Australien und Neuseeland gehören zu den sogenannten Wertepartnern der Bundeswehr, liberale Demokratien, mit denen die Bundesregierung laut Indopazifik-Leitlinien eine gemeinsame Wertegrundlage teilt, die dem, so wörtlich, „Erhalt der regelbasierten internationalen Ordnung“ diene.

Stumbaum: "Deutschland ganz direkt betroffen"

China gehört nicht zu den Wertepartnern der Bundeswehr. Im Gegenteil: Das Land bedrohe mit dem Anspruch auf Taiwan auch die Interessen der EU und Deutschlands, so May-Britt Stumbaum: “Wenn es zu diesen kriegerischen Handlungen kommt, dann ist Deutschland ganz direkt betroffen, weil dann der größte Hafen dort im Pearl-Delta für uns unerreichbar wäre. Das heißt, dass unsere Handelswege dann unterbrochen sind. Auf der anderen Seite sind wir natürlich betroffen, weil es dann eine so gravierende Regelverletzung gäbe, weil sich dann auch die Regeln ändern würden, wie wir miteinander umgehen.”

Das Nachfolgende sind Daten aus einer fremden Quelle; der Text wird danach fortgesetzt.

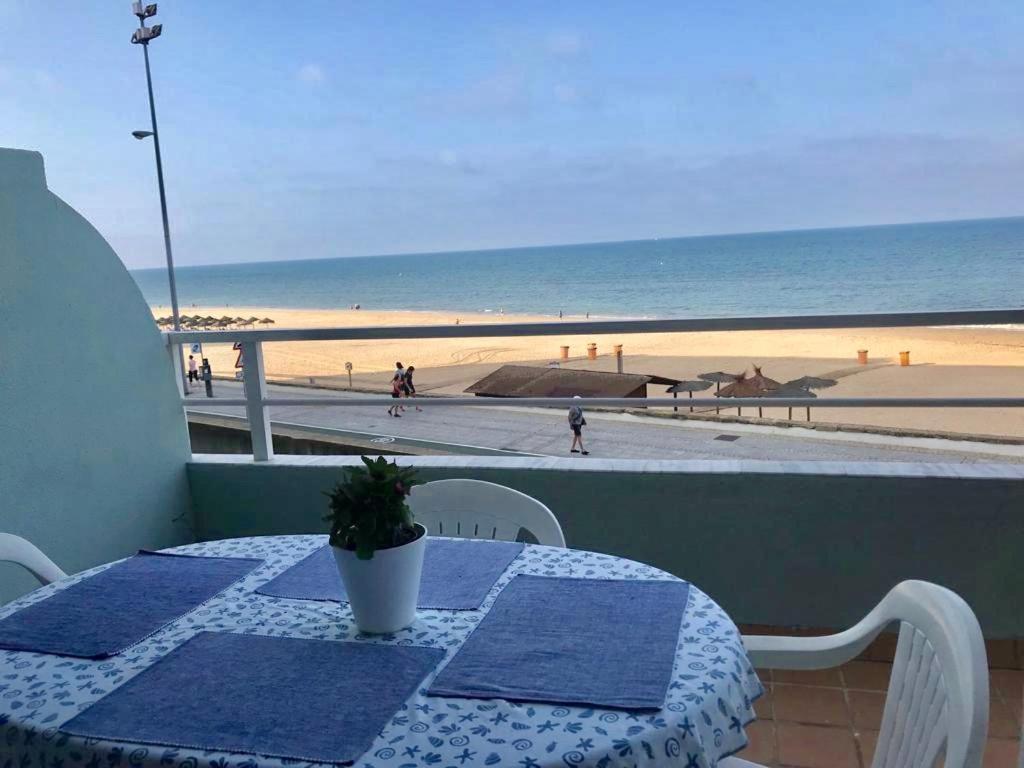 Gatu Premium Villa Isabel Terraza,Parking,1ºlinea Playa,Wifi,Vista Al Mar , Preferente Mayores De 25 Anos Y Familias كاديز المظهر الخارجي الصورة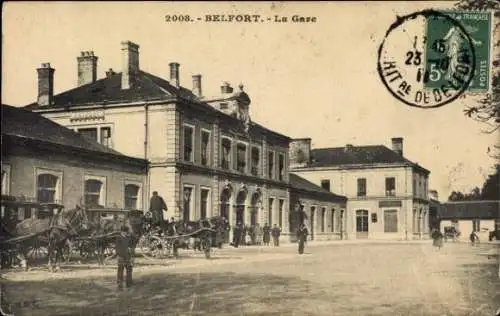 Ak Belfort Beffert Beffort Territoire de Belfort, Bahnhofgebäude, Straßenansicht,  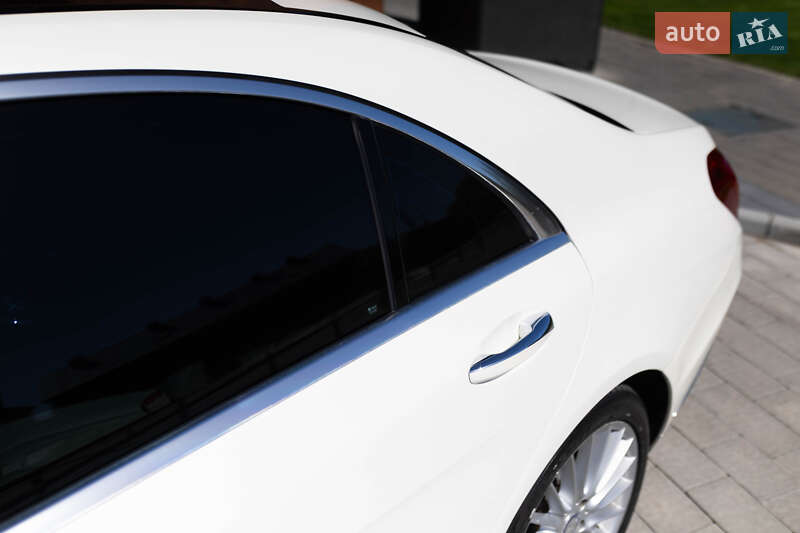 Седан Mercedes-Benz S-Class 2013 в Мукачево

Als Exportnation profitiert Deutschland von China und finanziert somit dessen Aufrüstung mit. Das Auswärtige Amt arbeitet derzeit an einer neuen China-Strategie, die wirtschaftliche Abhängigkeiten reduzieren soll. Ein Ziel, das innerhalb der Bundesregierung nicht unumstritten ist, wie man an dem Engagement von Bundeskanzler Olaf Scholz für die chinesische Beteiligung am Hamburger Hafen erst kürzlich gesehen hat.